Além disso, Amorim reforçou a importância do investimento contínuo no programa, independentemente de alinhamentos políticos, defendendo sua necessidade como parte integrante da política nacional, uma luta constante em prol da carreira docente. “O Pibid desempenha um papel fundamental; sem ele, nossos cursos de licenciatura estariam comprometidos. Por isso, devemos valorizar e reconhecer esse trabalho.”

Já Mylene Santiago falou sobre a trajetória do Pibid e parabenizou todos os envolvidos, enfatizando que os resultados do trabalho são coletivos. “Ao longo dos seminários já realizados, é notável o impacto positivo que esses serviços têm proporcionado na vida de professores, muitos dos quais hoje retornam como coordenadores. Nosso objetivo é continuar nesse caminho, sempre buscando um ensino público e de qualidade.”

Plateia durante a abertura do evento (Foto: Alexandre Dornelas/UFJF)

A programação do VIII Seminário de Iniciação à Docência acontece até dia 28 de novembro, com 15 atividades de oficinas e rodas de conversa, oferecidas pelas diferentes licenciaturas que participam do programa. Além das atividades mencionadas, haverá uma atividade cultural, o “Pibid vai ao Teatro”, com a parceria do Grupo Divulgação, que celebra 60 anos de história na cultura de Juiz Fora. Confira a programação completa.

O Pibid

O PIBID da UFJF é um programa do governo federal brasileiro coordenado pela Coordenação de Aperfeiçoamento de Pessoal de Nível Superior (Capes). Ele visa incentivar a formação de professores para a educação básica, oferecendo bolsas de iniciação à docência para alunos de graduação que estejam cursando licenciaturas.

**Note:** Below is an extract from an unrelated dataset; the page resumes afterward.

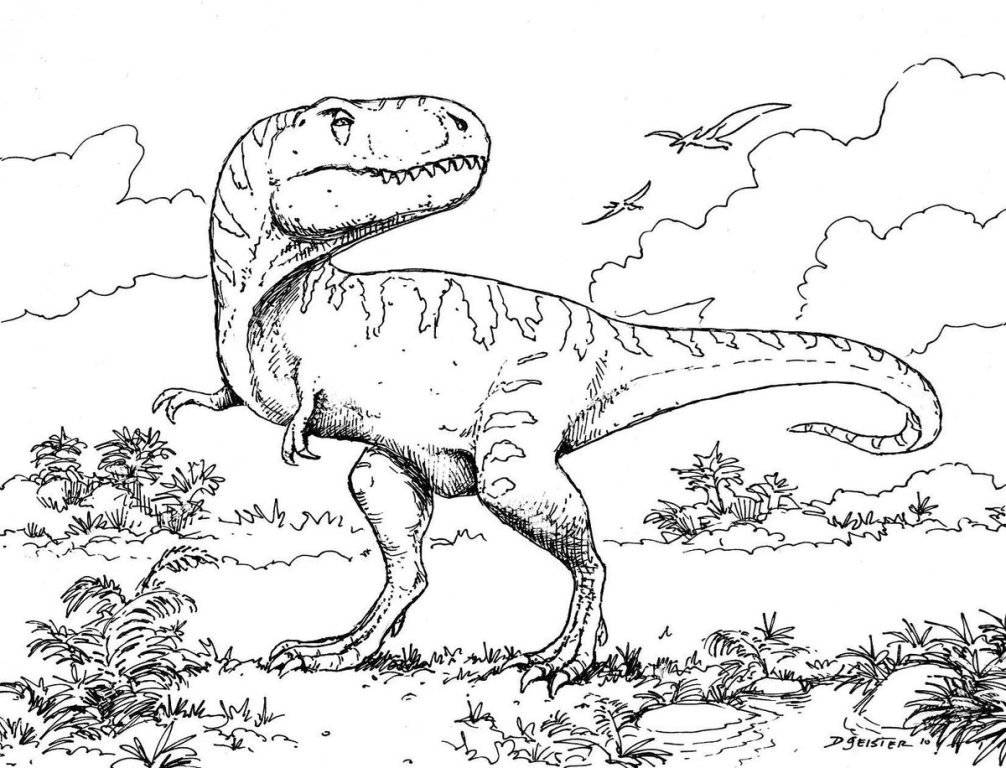 Раскраска крупный динозавр для детей распечатать бесплатно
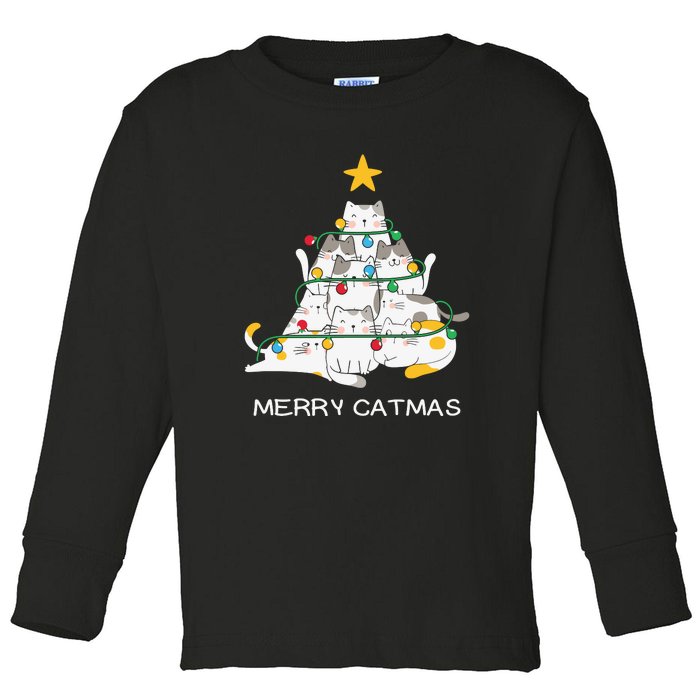 Merry Catmas Cat Christmas Tree Lights Funny Xmas Toddler Long Sleeve Shirt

O programa permite que os estudantes participem de atividades práticas em escolas públicas, sob a supervisão de professores da rede, e recebam uma bolsa para auxiliar no desenvolvimento dessas atividades. Essa vivência prática contribui para a formação dos futuros professores, aproximando-os do ambiente escolar e promovendo uma maior integração entre teoria e prática pedagógica.

Atualmente, o Pibid conta com 288 bolsistas, docentes e discentes, e 16 cursos de licenciatura da UFJF, sendo eles: artes, educação física, ciências sociais, geografia, história, matemática, pedagogia, química, filosofia, física, letras libras, letras português, letras inglês e espanhol.